COURT OF APPEAL OF THE STATE OF CALIFORNIA FOURTH APPELLATE DISTRICT DIVISION TWO
May 15, 2017
No. E067155 (Cal. Ct. App. May. 15, 2017)

Opinion

E067155

05-15-2017

In re D.S. et al., Persons Coming Under the Juvenile Court Law. SAN BERNARDINO COUNTY CHILDREN AND FAMILY SERVICES, Plaintiff and Respondent, v. C.S., Defendant and Appellant.

Roni Keller, under appointment by the Court of Appeal, for Defendant and Appellant. Jean-Rene Basle, County Counsel, and Adam Ebright, Deputy County Counsel, for Plaintiff and Respondent.


NOT TO BE PUBLISHED IN OFFICIAL REPORTS

California Rules of Court, rule 8.1115(a), prohibits courts and parties from citing or relying on opinions not certified for publication or ordered published, except as specified by rule 8.1115(b).

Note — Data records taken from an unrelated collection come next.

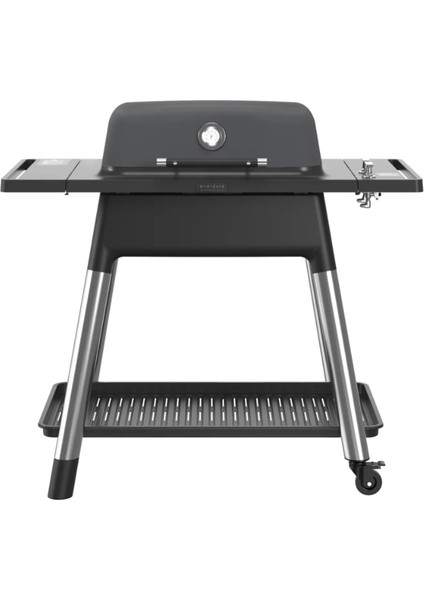 Force 2 Ateşlemeli Gazlı Barbekü Standlı Grafit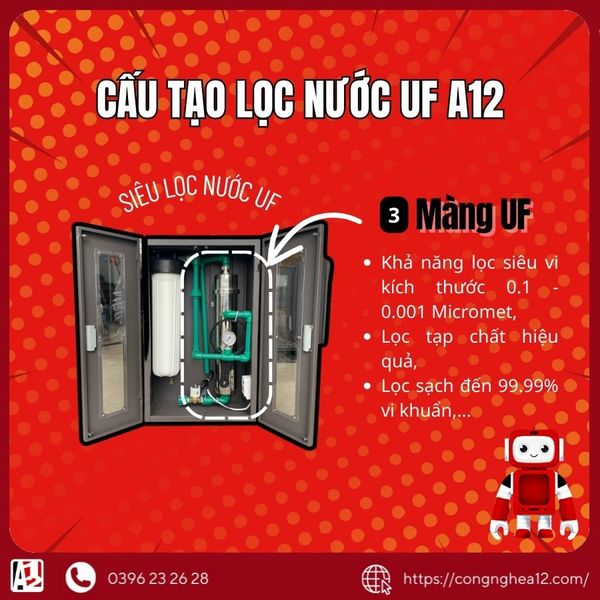 Máy lọc nước tổng chung cư Slanper phù hợp với chung cư và căn hộ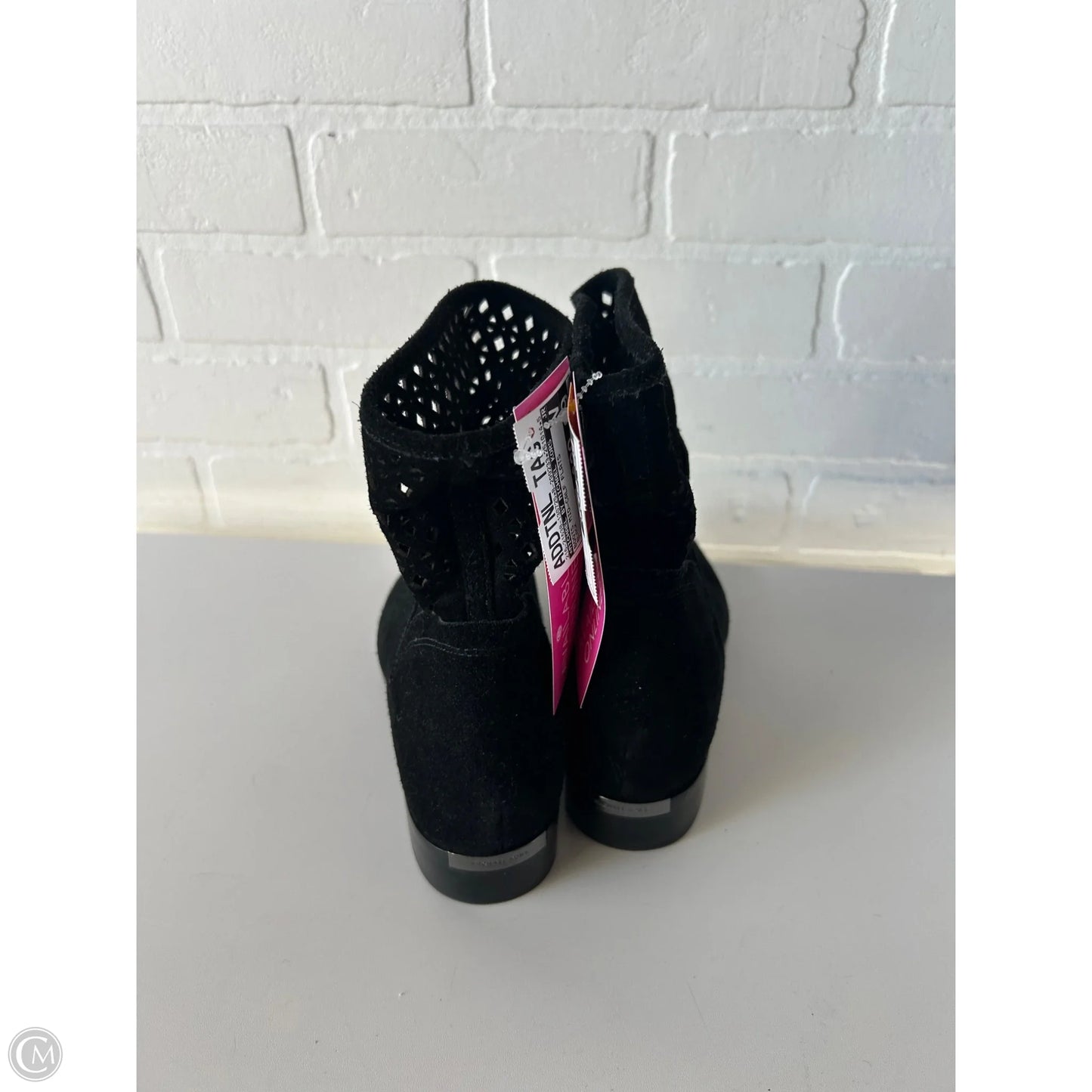 Boots Mid-calf Flats By Michael By Michael Kors In Black, Size: 7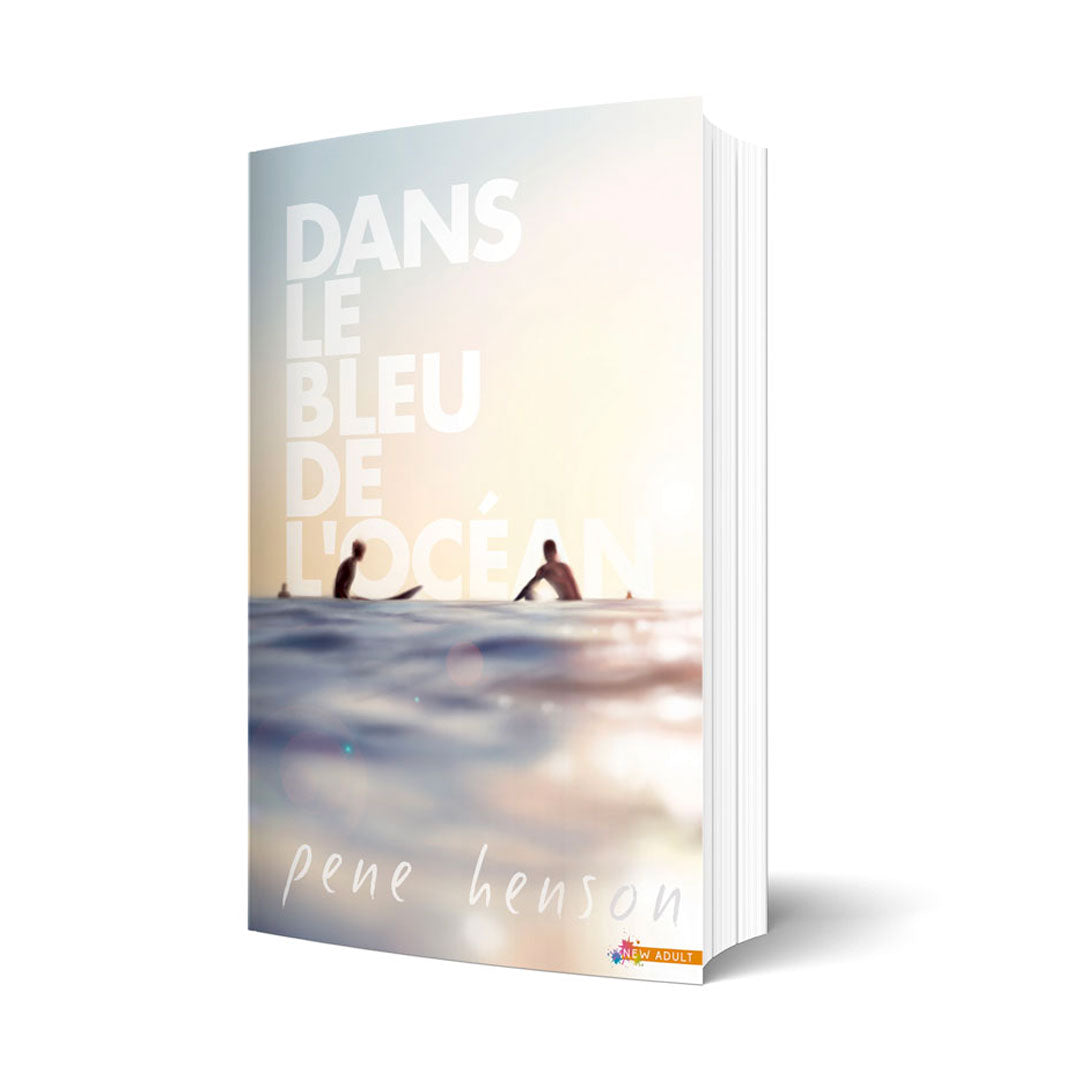 Dans le bleu de l'océan - Les éditions Bookmark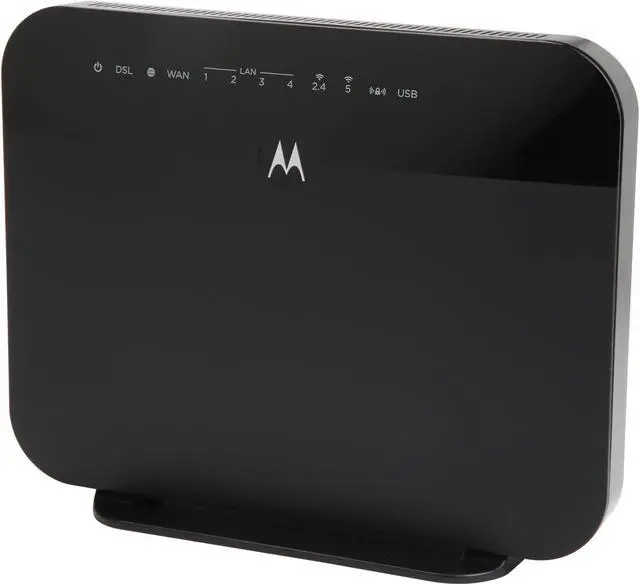 Main image of MOTOROLA MD1600-10 VDSL2 / ADSL2+ Modem Plus AC1600 Wi-Fi Gigabit Router Ethernet Port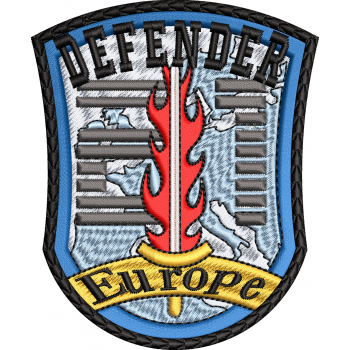 EMBLEMA  DEFENDER EUROPE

This opinion has not been certified for publication or ordered published for purposes of rule 8.1115. (Super.Ct.Nos. J263629, J263630, J263631, J263632 & J263633) OPINION APPEAL from the Superior Court of San Bernardino County. Steven A. Mapes, Judge. Reversed with directions. Roni Keller, under appointment by the Court of Appeal, for Defendant and Appellant. Jean-Rene Basle, County Counsel, and Adam Ebright, Deputy County Counsel, for Plaintiff and Respondent.

INTRODUCTION

C.S., the mother of the children who are the subject of this dependency, appeals the termination of her parental rights. On appeal, her only contention is that the court failed to comply with the Indian Child Welfare Act of 1978 (ICWA). (25 U.S.C. § 1901 et seq.) In its letter brief filed in response to mother's opening brief, respondent concedes the error. Our own review of the record demonstrates that the concession is warranted. Accordingly, we will reverse the judgment and remand the case so the court can comply with ICWA. In the event no tribe intervenes or the children are determined not to come within the purview of ICWA, the trial court will reinstate the judgment. The parties have agreed to the immediate issuance of the remittitur upon filing of this opinion.

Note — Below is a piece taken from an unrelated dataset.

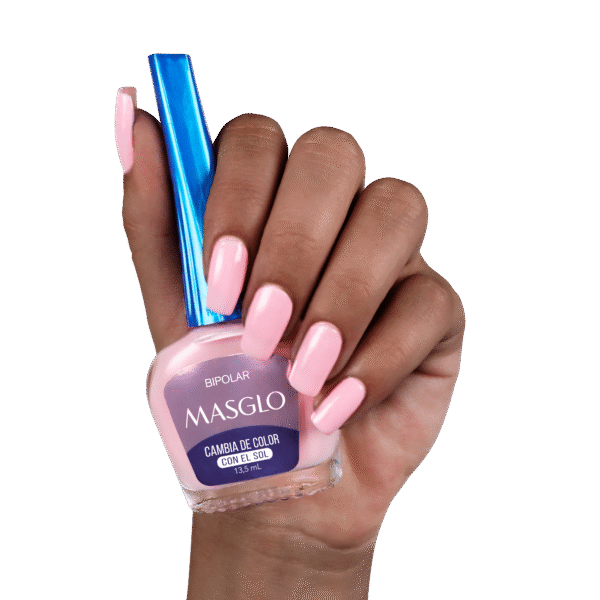 Bipolar - Esmalte Tradicional Cambia De Color Con El Sol
Fotocromatico Masglo 13,5 Ml - Gama - Image 3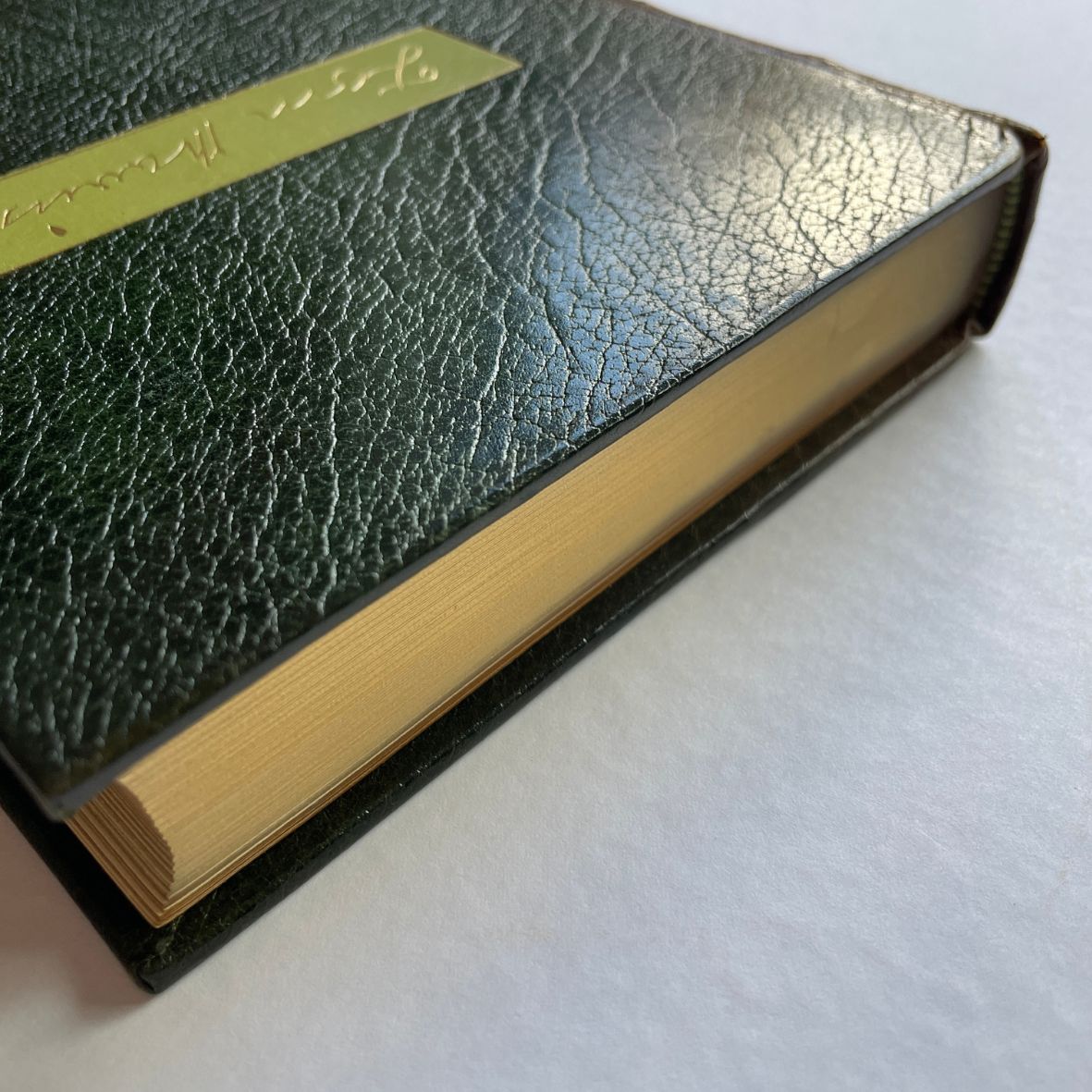 The Life of Tom Morris - Rare Leather Bound No. Edt 54/200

Father was not offered reunification services due to the length of his incarceration. He is not a party to this appeal.

FACTS AND PROCEDURAL HISTORY

Due to the limited nature of this appeal, the facts and procedural history of the case will be stated in a very abbreviated form.

On September 11, 2012, a petition was filed in Los Angeles County alleging the four children came within Welfare and Institutions Code section 300, subdivision (b). During its initial investigation, the social worker discovered and reported to the court that the children might have Native American ancestry with one of the Cherokee tribes through a deceased great-great-grandmother.

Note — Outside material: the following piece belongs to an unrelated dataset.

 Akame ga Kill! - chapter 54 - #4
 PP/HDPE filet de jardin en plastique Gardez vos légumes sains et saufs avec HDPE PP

All further statutory references are to the Welfare and Institutions Code unless otherwise indicated.

On October 23, 2012, at the jurisdictional/dispositional hearing, the court found the allegation true and declared the children to be dependents of the court. The court found that ICWA did not apply. The court then transferred the case to Kern County, where mother had taken up residency with her children.

Thereafter, the case had a somewhat peripatetic existence. The case was transferred back to Los Angeles County. Review hearings were conducted there. At some point, efforts were made to contact two of the three Cherokee tribes, but the efforts were inadequate for various reasons, as conceded by respondent.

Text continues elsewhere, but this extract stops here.